This vendor-written tech primer has been edited by Network World to eliminate product promotion, but readers should note it will likely favor the submitter’s approach.
Originally created as a distributed code management system for open source development, Git’s popularity has skyrocketed as independent developers have adopted the tool for its speed, flexibility and powerful branch and merge features. The popularity has caught the attention of the enterprise, but Git has some hurdles to vault before it will work for everyone.
After all, Git was designed with a specific set of goals in mind, not all of which cohere with the mission of enterprise software development, such as the need for security and scalability. Let’s look at these in more detail.
First, Git’s security is challenging for enterprise users because its security focus is authentication, not authorization. Whereas authentication is about making sure an individual is who he or she claims to be, authorization is about making sure an individual has the right to access something. Git does the former, embracing public-key cryptography for signing commits, which are units of work submitted to the repository, but leaving the latter an open question for the file system to handle.

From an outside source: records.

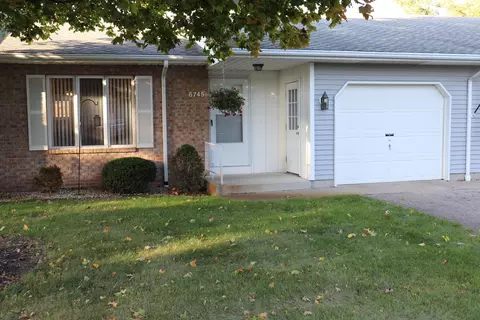6745 Leisure Creek Dr SE, Caledonia, MI 49316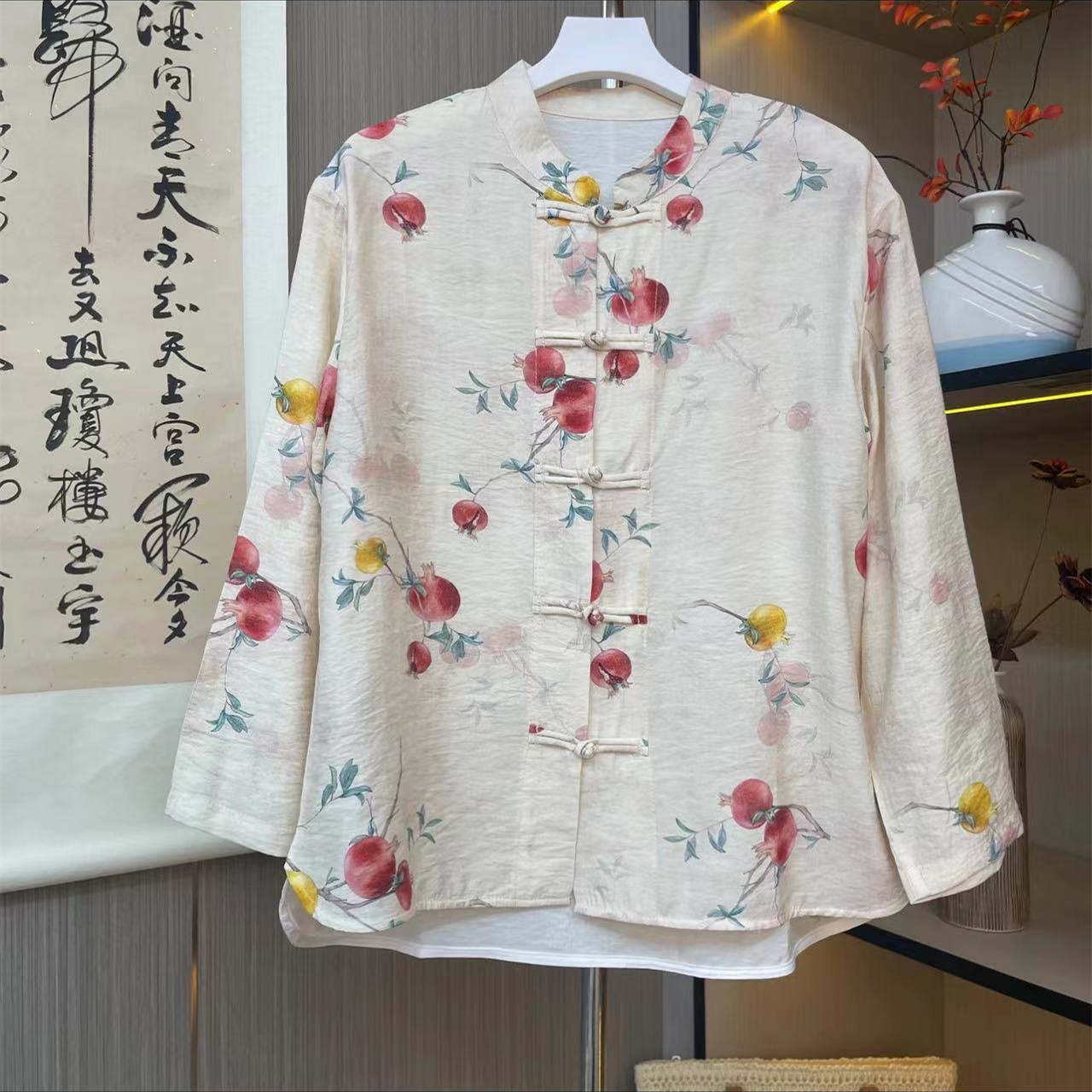 新款立领印花小众包边设计盘扣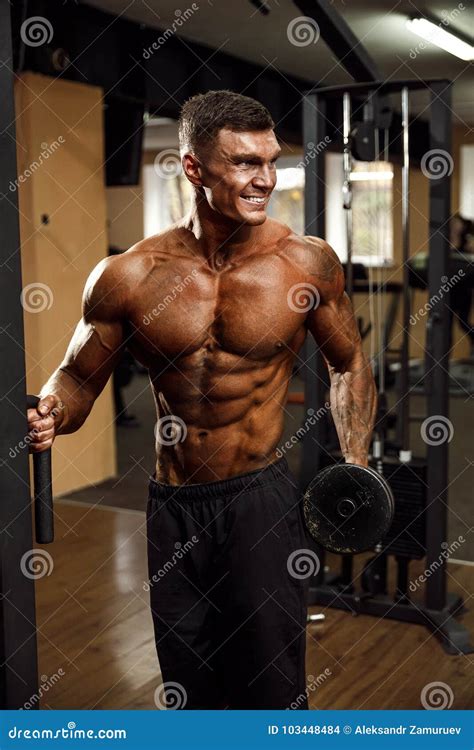 Jeune Bodybuilder Faisant Lexercice Pour Le Biceps Photo Stock Image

In other words, Git users in the enterprise can easily check the authentication of commits but have no built-in mechanism to restrict access to different parts of a company’s source code. This is fine for small projects or small teams working in concert, but enterprise software is often built by geographically diverse teams, each of which may be allowed access to only some part of the source. Traditional version control systems (VCS) provide more customizability than Git in this regard, though many of the new breed of “Git management” tools attempt to plug this hole.
Git’s scalability is also a challenge. Designed originally with a particular code base and workflow in mind, Git is at its best when handling small, text-based files. Git’s implementation provides the benefit of automatic de-duplication of space on the server. Any file content is a “blob” in Git parlance, which is stored under the name of a calculated hash value. The result is adding any number of copies of the same file takes up space on the server only once.
This approach is not without limitations, due to the way Git handles cloning and history. Anyone cloning a repository gets the whole enchilada, and not just the latest copy of every file. In fact, anyone cloning a repository gets every copy of every file ever committed, at least by default. It is possible to request a “shallow” clone, including only the latest copy of every file, but this isn’t the way most users will work and it brings its own challenges.
The result is that Git repositories have a practical limit that’s rarely an issue for small projects or teams, but proves downright pernicious for the enterprise. Teams in a variety of industries often need to store more than just text files, sometimes including gigabytes of images, audio, video, etc. The Agile dictum that the VCS should provide a “single source of truth,” runs squarely into the performance problems that erupt when trying to use Git with such assets.
Enterprise teams using Git frequently end up embracing “Git sprawl” as a “solution,” breaking their content into dozens, hundreds, or even thousands of repositories to keep performance manageable. That’s great for developers, artists, and others generating content, as they can work with their tiny slice of the much bigger pie, but it places a horrendous burden on the shoulders of DevOps staff to assemble it all for builds, QA, and other such needs. Not surprisingly, addressing this sprawl is a key focus of Git management tools.
Finally, Git’s lack of centralized control is a stumbling block to be avoided. Git’s freedom and simplicity in branching is intoxicating for the developer who grasps its power. But bringing order to all the resulting chaos requires discipline and agreement, even in relatively small teams.
Git definitely puts the ‘D’ in distributed version control system. That means it requires no central server, no central authority, and doesn’t give one repository privileges over any other. In practice this means every team ends up imposing order externally through one means or another. Ultimately, there is always a “golden repo” (or more likely many of them) for release candidates and other important builds.
The result is an abundance of approaches and branching strategies, some of which work better than others. At the enterprise level it can be crippling without clear policies regarding how to handle work for submission back to the golden repo(s). Enterprise adopters should be crystal clear on this point: it’s easy for individuals and small teams to embrace Git, but you’ll quickly need to nail down how those individuals and teams all work together.
These are but a few of the challenges that Git brings to the enterprise. There are more, but that’s not to say Git is best avoided. On the contrary, Git, and other DVCS tools (e.g., Mercurial) can empower programmers in ways they’ve never before enjoyed. Much of the pain is simply the cost of evolution, and it’s a price worth paying, but it’s no wonder that it seems like a new Git management tool pops up every week.
Git is a powerful tool. Many of your programmers will love its speed, power and flexibility, while others will shun its departure from traditional methods and what they see as out-of-control complexity. Whatever you believe, this much is clear: Git cannot be avoided given its rate of adoption. The best advice is to look for a Git management solution that gives all your teams the best of both worlds; i.e., one that lets programmers use Git for all its power while letting DevOps and other teams work as they prefer—all from a single source of truth.